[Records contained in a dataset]
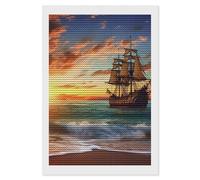 Pirate Ship in The Sunset Diamond Art Kits for Adults 8"x12" DIY Diamond Painting Kit for Beginners Gem Art Painting with Round Full Drill Diamonds DIY Paint Paintings for Home Wall Decor Gift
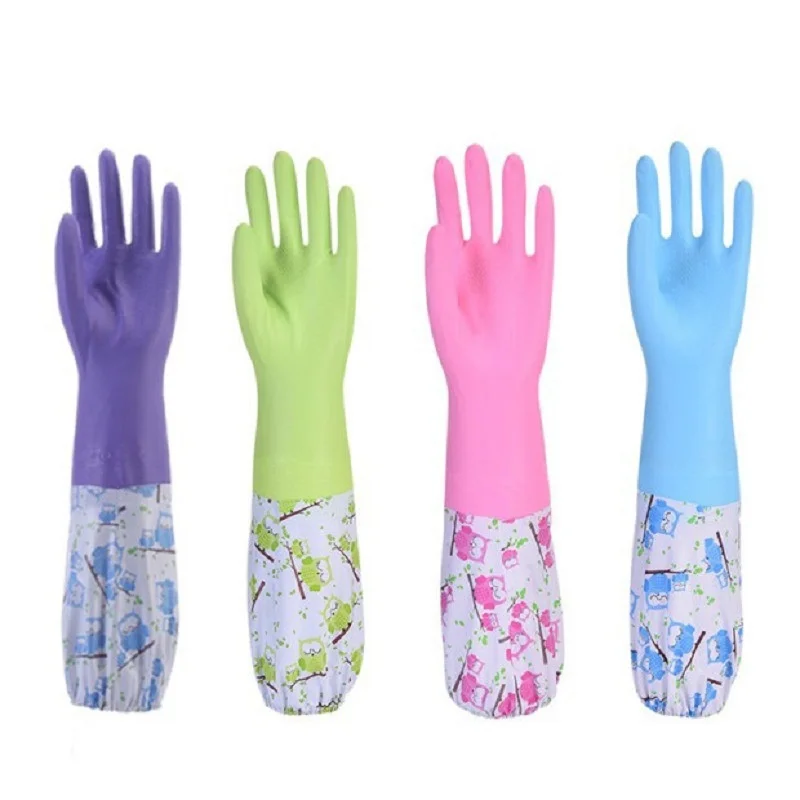 Household Cleaning Gloves Water Resistant Winter Fleece Lined Extended Thickened PVC Cuff for Dishwashing Laundry Chores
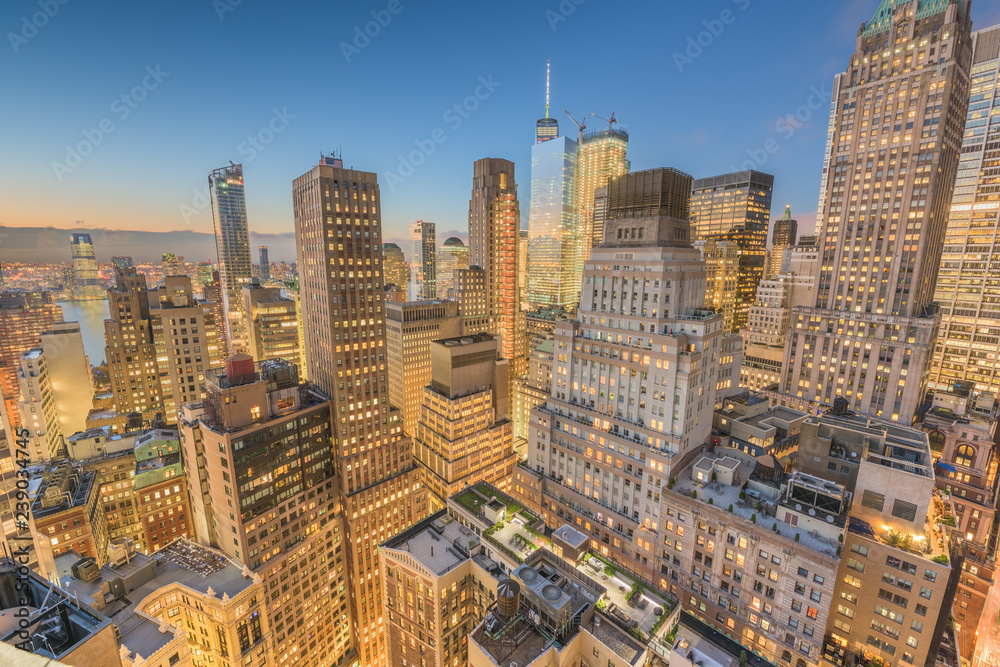 Obraz premium New York City financial district Aerial View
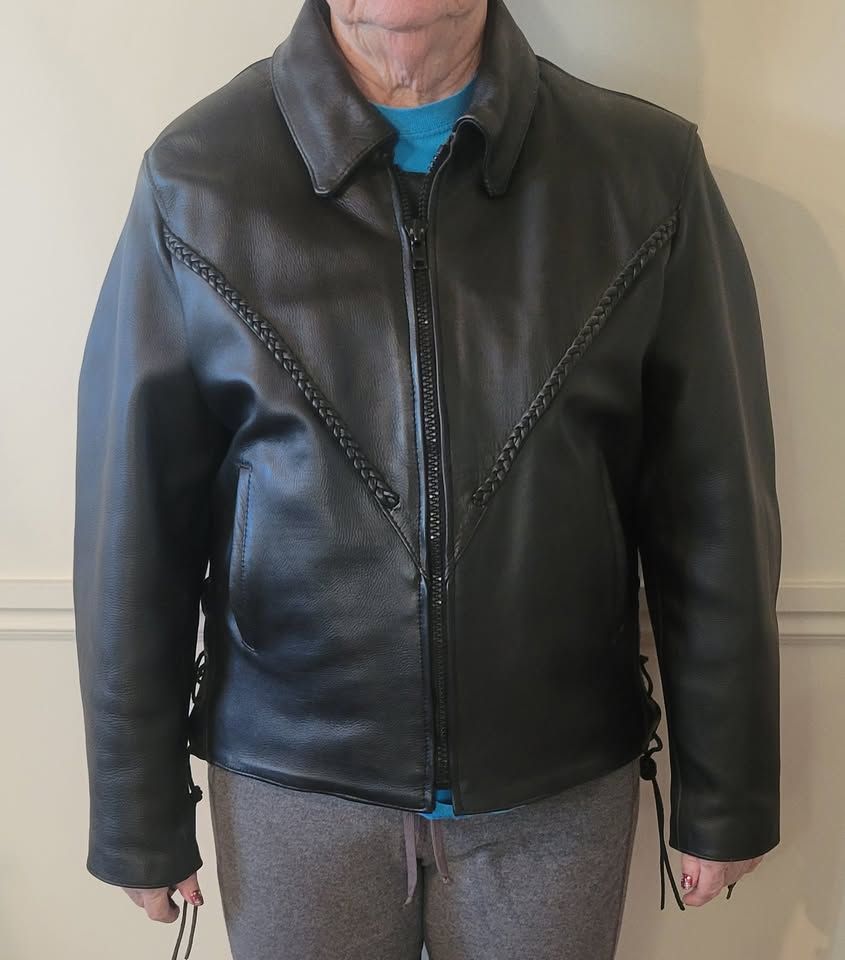 Petite womans leather motorcycle jacket with zip out liner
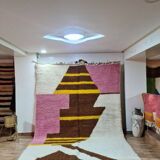 Large Berber Rug Abstract Design 300x200cm - Pink, Yellow & Brown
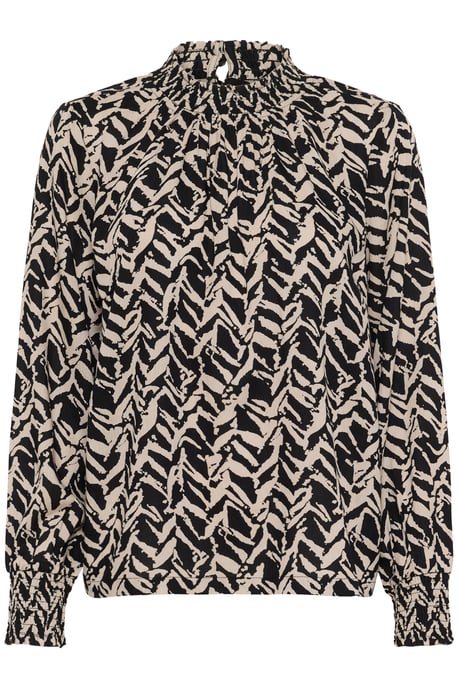 Blouse met lange mouwen KAdina Regular fit black offwhite - Image 4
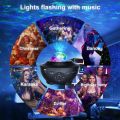 Remote Control RGB Galaxy Projector Lamp With Bluetooth Speaker - Usb Supported LED Projector Light - Led Star Lamp Starry Projector Night Light Table Lamp With Adjustable Brightness - Music Water Ocean Wave Lighting Modes Lights For Bed Room Side Table. 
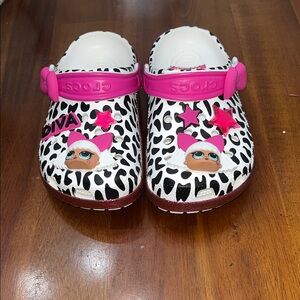 CROCS Kids Slippers - Pink and Black Animal Print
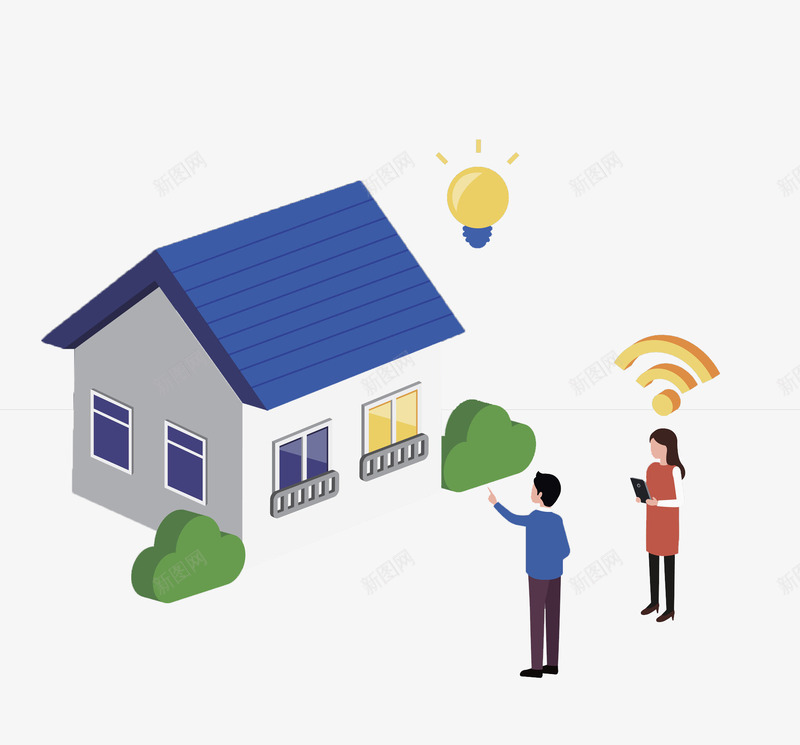 手绘房子png免抠素材_新图网 https://ixintu.com WiFi 信号 卡通 房子 手绘 水彩 灯泡 蓝色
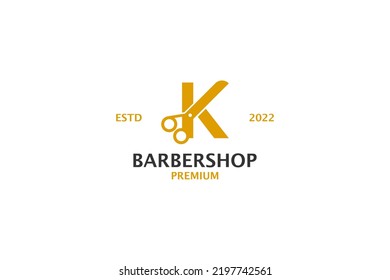 Letter K barbershop logo design vector illustration idea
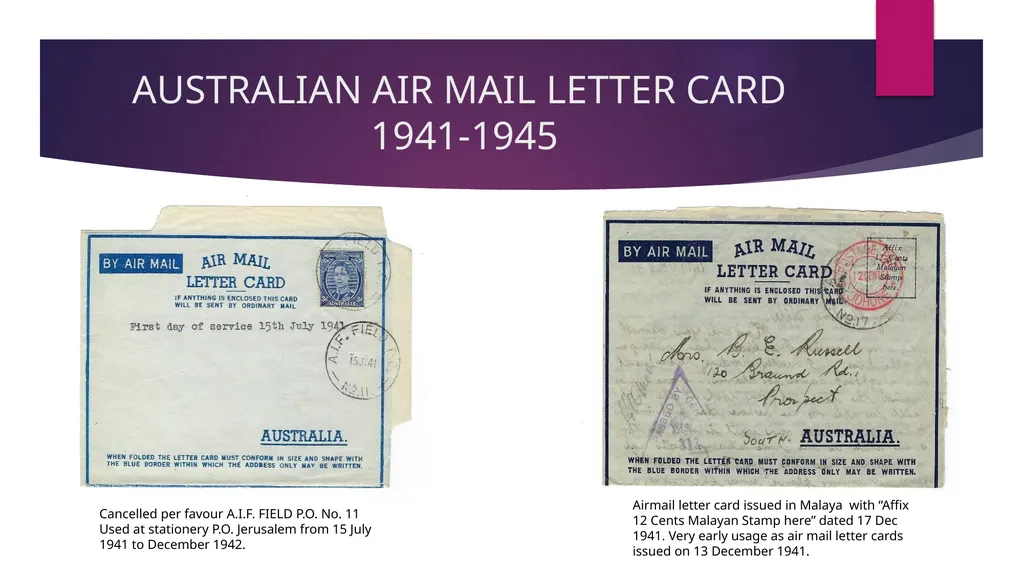 7d AUSTRALIAN AIRLETTERS 1944 -1952 PRESENTED BY - slide 6 of 43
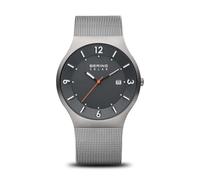 BERING Solar 14440-077 Orologio da polso da uomo, cassa in acciaio inossidabile grigia da 40 mm e quadrante grigio, cinturino in maglia milanese, vetro zaffiro, 5 ATM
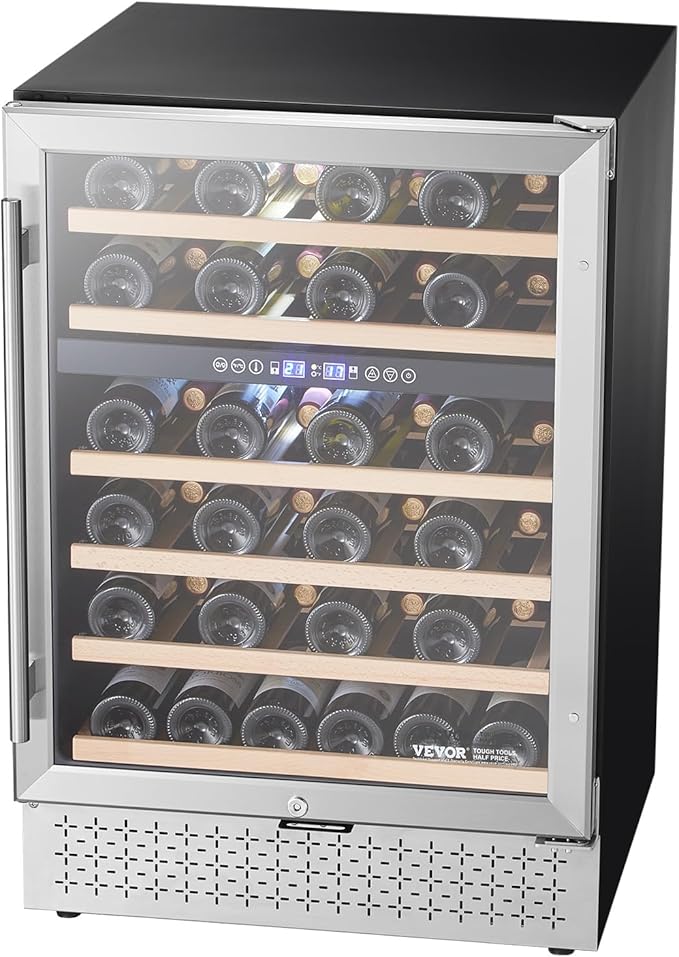 VEVOR Wine Cooler, 46 Bottle Dual Zone Wine Fridge, Built-in & Freestanding Fridge with Glass Door, Adjustable Shelves, Digital Temperature Control, Wine Cooler Refrigerator for Home, Office, Bar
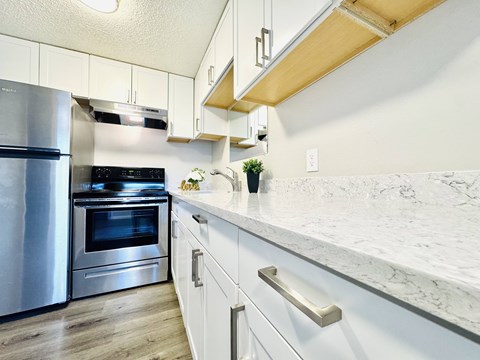 A kitchen with a stainless steel refrigerator and oven, white cabinets, and a marble countertop.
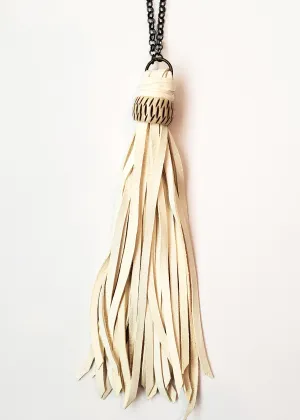 White Leather Tassel Necklace
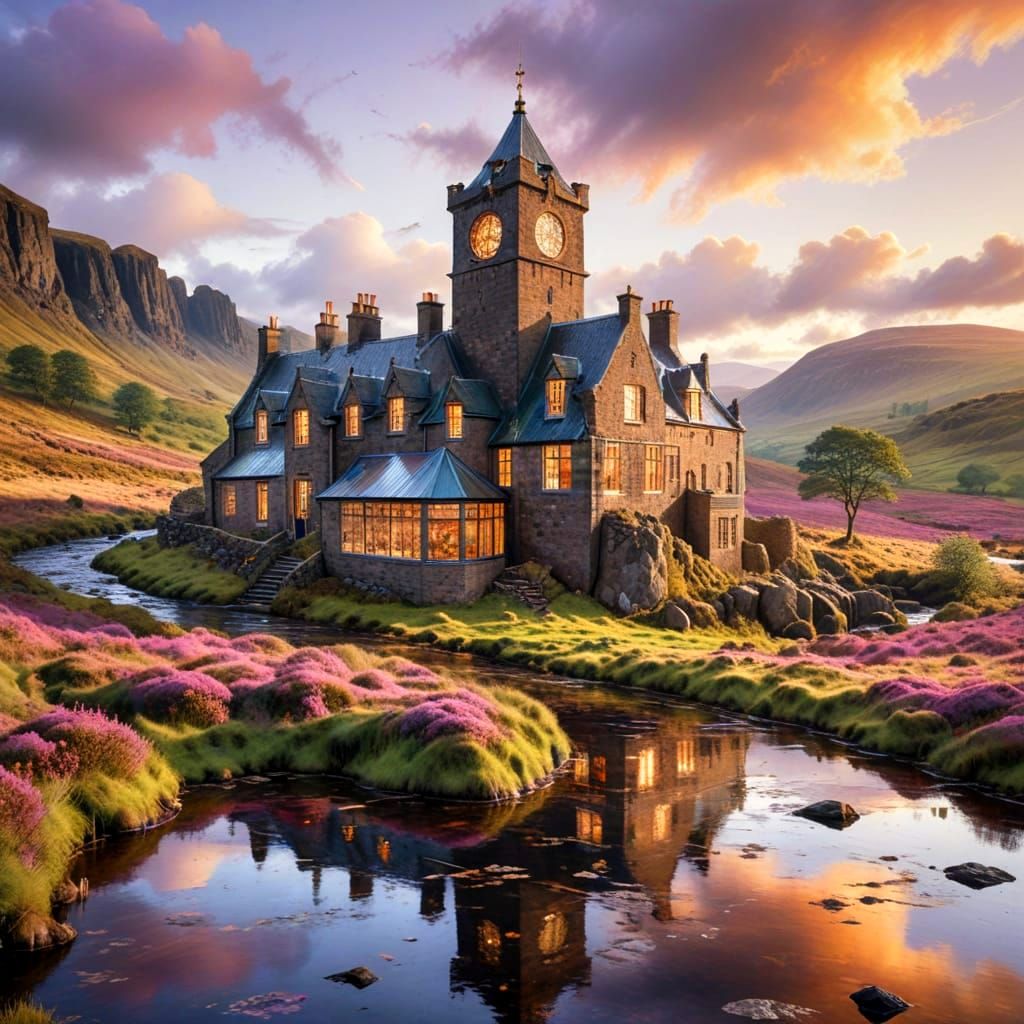 Whiskey Label Distillery in Misty Scottish Highlands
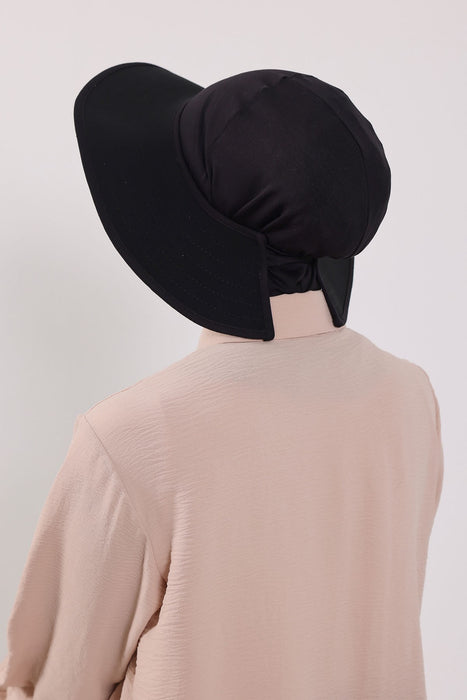 Modest Sun Protective Turban Bonnet with Laminated Removable Bow Brim for Women, 2-in-1 Hijab Ninja Cap with Removable Brim,S-6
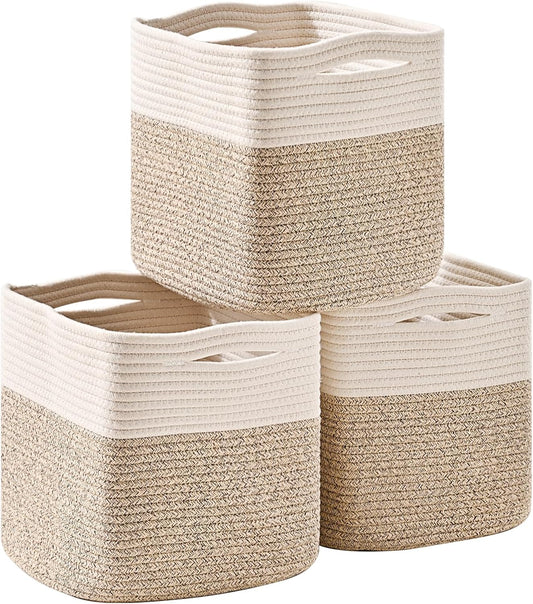 11 Inch Cube Storage Bins, Organizer Woven Cotton Rope Square Baskets for Organizing Shelves, Toys, Nursery, Off White & Brown (Pack of 3)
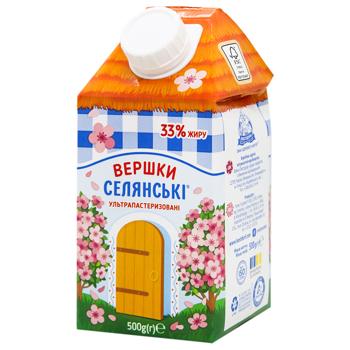 Selianski Ultrapasteurized Cream 33% 500g - buy, prices for Ideal - photo 1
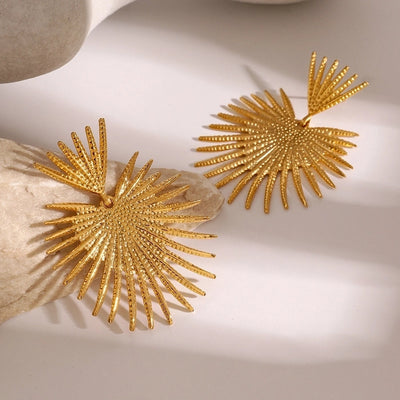 1 Pair Classic Style Leaves 304 Stainless Steel Drop Earrings
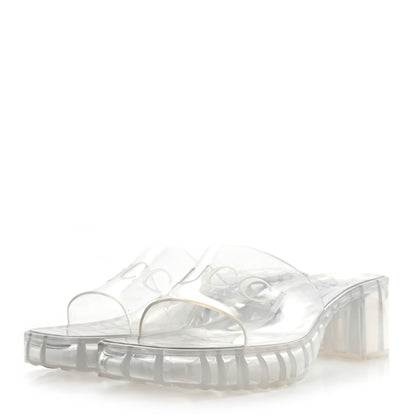 Gucci Rubber Gucci Logo Womens Platform 20/60mm Slide Sandals 37 Transparent 3 of 8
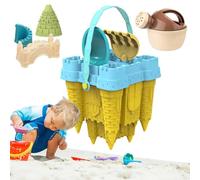 Sand Castle Set - ABS, Beach Toys 8 Piece Shaping Set Mesh Bag | Eco-friendly Construction Stencils, Child Safe Sculpting Tools, for T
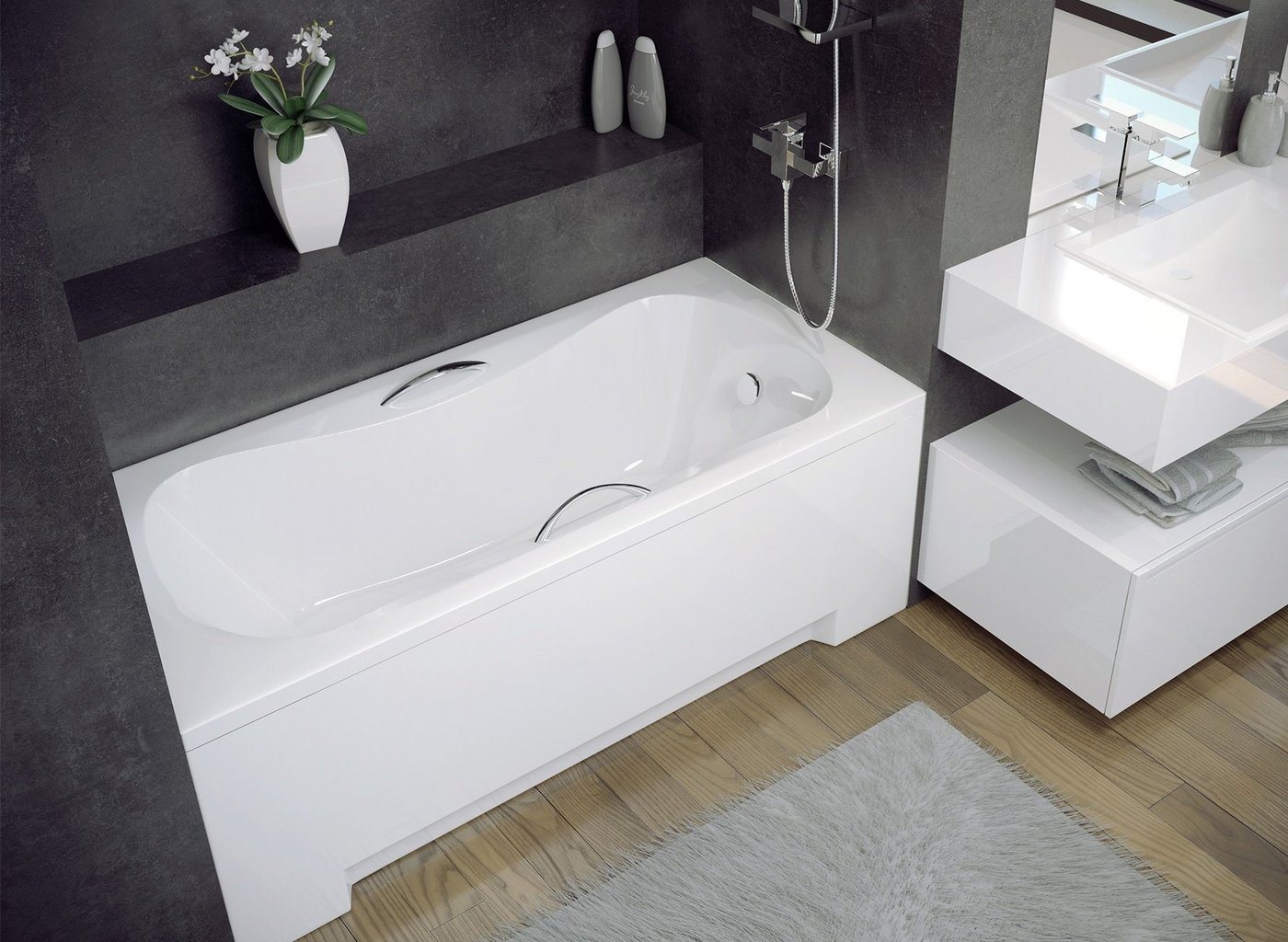 Thumbnail - KOLMAN Badewanne Rechteck Aria 140x70, Ablaufgarnitur & Füße GRATIS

TO DO: Print every entry verbatim and leave all pictures out.

YOUR SOLUTION:
 Pirate Ship in The Sunset Diamond Art Kits for Adults 8"x12" DIY Diamond Painting Kit for Beginners Gem Art Painting with Round Full Drill Diamonds DIY Paint Paintings for Home Wall Decor Gift
 Household Cleaning Gloves Water Resistant Winter Fleece Lined Extended Thickened PVC Cuff for Dishwashing Laundry Chores
 Obraz premium New York City financial district Aerial View
 Petite womans leather motorcycle jacket with zip out liner
 Large Berber Rug Abstract Design 300x200cm - Pink, Yellow & Brown
 Blouse met lange mouwen KAdina Regular fit black offwhite - Image 4
 Remote Control RGB Galaxy Projector Lamp With Bluetooth Speaker - Usb Supported LED Projector Light - Led Star Lamp Starry Projector Night Light Table Lamp With Adjustable Brightness - Music Water Ocean Wave Lighting Modes Lights For Bed Room Side Table. 
 CROCS Kids Slippers - Pink and Black Animal Print
 手绘房子png免抠素材_新图网 https://ixintu.com WiFi 信号 卡通 房子 手绘 水彩 灯泡 蓝色
 Letter K barbershop logo design vector illustration idea
 7d AUSTRALIAN AIRLETTERS 1944 -1952 PRESENTED BY - slide 6 of 43
 BERING Solar 14440-077 Orologio da polso da uomo, cassa in acciaio inossidabile grigia da 40 mm e quadrante grigio, cinturino in maglia milanese, vetro zaffiro, 5 ATM
 VEVOR Wine Cooler, 46 Bottle Dual Zone Wine Fridge, Built-in & Freestanding Fridge with Glass Door, Adjustable Shelves, Digital Temperature Control, Wine Cooler Refrigerator for Home, Office, Bar
 A kitchen with a stainless steel refrigerator and oven, white cabinets, and a marble countertop.
 White Leather Tassel Necklace
 Whiskey Label Distillery in Misty Scottish Highlands
 Modest Sun Protective Turban Bonnet with Laminated Removable Bow Brim for Women, 2-in-1 Hijab Ninja Cap with Removable Brim,S-6
 11 Inch Cube Storage Bins, Organizer Woven Cotton Rope Square Baskets for Organizing Shelves, Toys, Nursery, Off White & Brown (Pack of 3)
 Selianski Ultrapasteurized Cream 33% 500g - buy, prices for Ideal - photo 1
 1 Pair Classic Style Leaves 304 Stainless Steel Drop Earrings
 Gucci Rubber Gucci Logo Womens Platform 20/60mm Slide Sandals 37 Transparent 3 of 8
 Sand Castle Set - ABS, Beach Toys 8 Piece Shaping Set Mesh Bag | Eco-friendly Construction Stencils, Child Safe Sculpting Tools, for T
 Thumbnail - KOLMAN Badewanne Rechteck Aria 140x70, Ablaufgarnitur & Füße GRATIS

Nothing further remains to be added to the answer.